Sobre a imunoterapia, o especialista destacou que não se trata de um conceito novo. “Conhecemos há décadas, mas até agora os remédios tinham sido tóxicos e pouco efetivos. Ela reinaugurou-se nos últimos dois anos. Conceitualmente, é elegante: já que não posso mudar o tumor, mudo o ambiente. Garanto que o sistema imunológico fique inquieto para poder mudar”. No entanto, “temos que garantir que isso vai fazer as pessoas viverem mais e melhor”.

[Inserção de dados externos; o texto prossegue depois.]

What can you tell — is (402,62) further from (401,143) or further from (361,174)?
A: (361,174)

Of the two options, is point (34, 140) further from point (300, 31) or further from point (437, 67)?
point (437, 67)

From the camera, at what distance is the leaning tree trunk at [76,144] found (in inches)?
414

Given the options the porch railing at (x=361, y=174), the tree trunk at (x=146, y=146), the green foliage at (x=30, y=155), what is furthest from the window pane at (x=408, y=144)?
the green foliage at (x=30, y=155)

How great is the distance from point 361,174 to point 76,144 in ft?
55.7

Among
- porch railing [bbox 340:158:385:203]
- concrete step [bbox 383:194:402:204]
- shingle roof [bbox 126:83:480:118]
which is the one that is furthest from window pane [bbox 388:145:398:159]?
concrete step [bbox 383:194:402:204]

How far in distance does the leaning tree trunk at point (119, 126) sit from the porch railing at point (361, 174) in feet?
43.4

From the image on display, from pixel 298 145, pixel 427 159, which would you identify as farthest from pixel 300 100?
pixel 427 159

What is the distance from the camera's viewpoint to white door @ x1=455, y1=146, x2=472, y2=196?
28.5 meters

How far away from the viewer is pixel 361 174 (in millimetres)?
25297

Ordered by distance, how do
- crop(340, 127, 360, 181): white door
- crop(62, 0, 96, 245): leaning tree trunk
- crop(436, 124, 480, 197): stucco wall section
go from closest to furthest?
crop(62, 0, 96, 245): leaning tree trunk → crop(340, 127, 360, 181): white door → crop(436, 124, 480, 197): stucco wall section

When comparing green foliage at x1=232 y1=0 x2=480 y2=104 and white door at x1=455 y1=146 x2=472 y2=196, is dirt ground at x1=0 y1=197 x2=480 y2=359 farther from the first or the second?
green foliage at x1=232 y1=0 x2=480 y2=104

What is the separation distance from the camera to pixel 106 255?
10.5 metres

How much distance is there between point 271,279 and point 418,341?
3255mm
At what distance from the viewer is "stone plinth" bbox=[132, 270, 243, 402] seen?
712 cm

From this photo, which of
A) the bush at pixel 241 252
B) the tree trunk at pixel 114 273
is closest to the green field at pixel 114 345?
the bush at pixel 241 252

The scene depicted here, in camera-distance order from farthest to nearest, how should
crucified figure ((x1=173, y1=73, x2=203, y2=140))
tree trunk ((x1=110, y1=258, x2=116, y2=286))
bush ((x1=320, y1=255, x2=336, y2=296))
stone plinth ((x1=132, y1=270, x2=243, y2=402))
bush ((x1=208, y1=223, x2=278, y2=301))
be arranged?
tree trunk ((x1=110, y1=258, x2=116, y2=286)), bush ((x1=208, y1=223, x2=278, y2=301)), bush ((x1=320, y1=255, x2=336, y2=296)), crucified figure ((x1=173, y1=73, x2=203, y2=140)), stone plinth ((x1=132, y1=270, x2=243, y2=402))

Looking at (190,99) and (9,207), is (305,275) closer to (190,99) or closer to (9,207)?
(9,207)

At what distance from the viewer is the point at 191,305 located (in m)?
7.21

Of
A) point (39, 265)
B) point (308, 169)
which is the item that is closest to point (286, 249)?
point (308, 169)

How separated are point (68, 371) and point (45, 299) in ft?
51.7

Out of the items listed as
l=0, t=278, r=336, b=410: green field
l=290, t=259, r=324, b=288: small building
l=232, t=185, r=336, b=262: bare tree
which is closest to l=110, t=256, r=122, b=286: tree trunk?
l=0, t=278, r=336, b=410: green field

O medicamento mais impactante na última década na oncologia, diz Stephen Stefani, “foi o ipilumimab, junto com outras drogas para o melanoma”. Ele diz, contudo, que “a imuno-oncologia não abandonou outros tratamentos. A grande maioria dos estudos usa a imuno-oncologia associada a quimioterapia,  radioterapia ou terapia de precisão. Se tenho mais de uma possibilidade de matar o tumor, vamos usar todas as armas. Só precisamos ver como podemos fazer isso”.

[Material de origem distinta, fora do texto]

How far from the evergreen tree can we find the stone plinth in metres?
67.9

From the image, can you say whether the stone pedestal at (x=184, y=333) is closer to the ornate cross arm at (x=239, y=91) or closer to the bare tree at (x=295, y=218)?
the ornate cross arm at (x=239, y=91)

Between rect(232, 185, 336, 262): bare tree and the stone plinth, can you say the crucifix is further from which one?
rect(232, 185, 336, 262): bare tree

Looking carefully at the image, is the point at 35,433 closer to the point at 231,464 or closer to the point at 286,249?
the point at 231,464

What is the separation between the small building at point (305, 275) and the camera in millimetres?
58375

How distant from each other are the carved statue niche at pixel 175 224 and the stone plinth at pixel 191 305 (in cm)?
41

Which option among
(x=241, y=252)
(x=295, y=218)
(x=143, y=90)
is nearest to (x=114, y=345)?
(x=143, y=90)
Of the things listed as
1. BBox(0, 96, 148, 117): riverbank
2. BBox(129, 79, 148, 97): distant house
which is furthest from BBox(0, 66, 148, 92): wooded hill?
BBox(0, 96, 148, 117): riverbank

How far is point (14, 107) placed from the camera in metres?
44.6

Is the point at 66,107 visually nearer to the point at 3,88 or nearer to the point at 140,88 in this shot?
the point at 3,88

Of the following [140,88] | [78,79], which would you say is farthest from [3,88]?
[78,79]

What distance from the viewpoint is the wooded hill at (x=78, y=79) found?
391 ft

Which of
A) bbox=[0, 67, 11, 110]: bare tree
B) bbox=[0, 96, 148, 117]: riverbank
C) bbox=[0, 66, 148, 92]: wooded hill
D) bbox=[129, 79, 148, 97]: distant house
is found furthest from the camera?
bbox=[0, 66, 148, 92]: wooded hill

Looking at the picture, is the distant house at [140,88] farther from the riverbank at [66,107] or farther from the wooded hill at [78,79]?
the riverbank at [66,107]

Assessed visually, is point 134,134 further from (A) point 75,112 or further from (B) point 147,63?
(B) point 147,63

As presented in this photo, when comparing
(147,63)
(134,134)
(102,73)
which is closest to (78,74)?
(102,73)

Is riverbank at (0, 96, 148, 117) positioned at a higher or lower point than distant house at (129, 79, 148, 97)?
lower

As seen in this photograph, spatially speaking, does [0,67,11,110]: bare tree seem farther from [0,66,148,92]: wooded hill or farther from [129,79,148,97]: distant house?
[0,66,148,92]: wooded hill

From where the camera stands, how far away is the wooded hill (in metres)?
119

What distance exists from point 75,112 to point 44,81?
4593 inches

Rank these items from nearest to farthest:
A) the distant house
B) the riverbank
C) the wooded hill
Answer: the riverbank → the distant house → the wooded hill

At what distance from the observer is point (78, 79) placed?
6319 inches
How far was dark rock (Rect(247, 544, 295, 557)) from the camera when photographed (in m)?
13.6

Ao analisar os avanços de pesquisas e tratamentos, o oncologista diz que “precisamos parar de falar do custo do remédio e falar no valor dele. Eles são absolutamente elevados para a nossa realidade, mas preciso enxergar o valor. Um remédio é US$ 10 mil por mês, mas tenho um medicamento que dá resultados melhores e custa a mesma coisa. O preço deveria estar relacionado ao valor para o paciente”. Atualmente, a construção deste meio é baseado em preços. “O apelo é para que a gente passe a olhar para o valor de cada intervenção”, diz. Embora a decisão de onde investir é complexa. “Temos um consenso, que é diminuir desperdício e fazer o sistema mais eficiente”, acrescentou.

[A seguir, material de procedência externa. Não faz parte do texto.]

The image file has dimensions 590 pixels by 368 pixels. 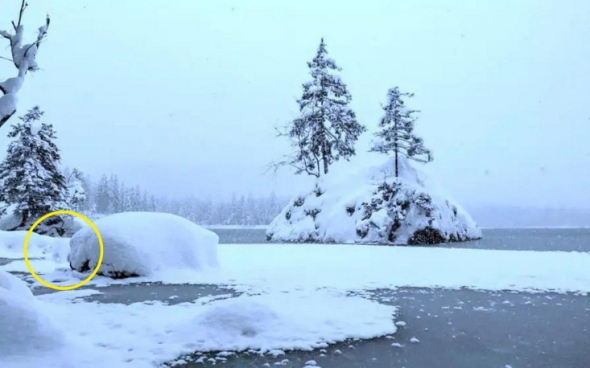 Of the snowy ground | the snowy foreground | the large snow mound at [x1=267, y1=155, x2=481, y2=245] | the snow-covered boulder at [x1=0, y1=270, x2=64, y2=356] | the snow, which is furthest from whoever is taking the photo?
the large snow mound at [x1=267, y1=155, x2=481, y2=245]

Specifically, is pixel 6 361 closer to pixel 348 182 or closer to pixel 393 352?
pixel 393 352

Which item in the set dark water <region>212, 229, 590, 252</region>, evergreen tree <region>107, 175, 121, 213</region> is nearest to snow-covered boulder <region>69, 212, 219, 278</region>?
dark water <region>212, 229, 590, 252</region>

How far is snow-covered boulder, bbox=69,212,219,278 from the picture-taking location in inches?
491

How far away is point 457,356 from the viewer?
540cm

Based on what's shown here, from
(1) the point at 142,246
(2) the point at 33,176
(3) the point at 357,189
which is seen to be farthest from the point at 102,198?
(1) the point at 142,246

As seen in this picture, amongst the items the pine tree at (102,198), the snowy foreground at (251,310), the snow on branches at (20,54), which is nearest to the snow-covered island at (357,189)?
the snowy foreground at (251,310)

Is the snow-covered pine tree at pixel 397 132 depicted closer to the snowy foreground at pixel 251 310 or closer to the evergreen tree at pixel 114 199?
the snowy foreground at pixel 251 310

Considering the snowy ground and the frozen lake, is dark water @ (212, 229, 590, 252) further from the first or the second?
the frozen lake

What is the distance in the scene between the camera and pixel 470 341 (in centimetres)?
609

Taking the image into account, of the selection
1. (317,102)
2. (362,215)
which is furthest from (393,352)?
(317,102)

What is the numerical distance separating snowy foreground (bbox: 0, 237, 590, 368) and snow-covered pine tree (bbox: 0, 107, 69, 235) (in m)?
21.1

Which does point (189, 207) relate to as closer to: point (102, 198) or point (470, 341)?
point (102, 198)

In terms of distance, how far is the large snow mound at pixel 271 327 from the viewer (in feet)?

Para chegar a um denominador comum, Dr. Stephen Stefani cita um recente estudo publicado no New England Journal of Medicine, que aponta seis tópicos para avaliar os cuidados do câncer baseados em valor:

Segurança – “Qual é o valor dela? Se não é segura, não vale nada”, diz Dr. Stefani.

Efetividade – “O quanto ela faz, efetivamente? Reduz tumor, aumenta a sobrevida, diminui sintomas?”

Centrado no paciente – “Dá para fazer o tratamento em casa?”

Tempo – “Preciso me deslocar da minha cidade?”

Eficiência – “Cai cabelo? Na prática, ela funciona? Afinal, precisa de um ambiente controlado”.

Equidade – “Consigo oferecer isso para todos? Se eu gastar todo o meu investimento no primeiro paciente, quem paga o do segundo?”

“Uma maneira de conseguir melhores resultados é evitar gastos onde não se deve. Há uma lista com uma série de coisas que os médicos fazem que não deveriam, porque não adianta nada”, comentou. A melhor maneira de tomar a decisão certa, lembra o especialista, é saber onde elas estão embarcando.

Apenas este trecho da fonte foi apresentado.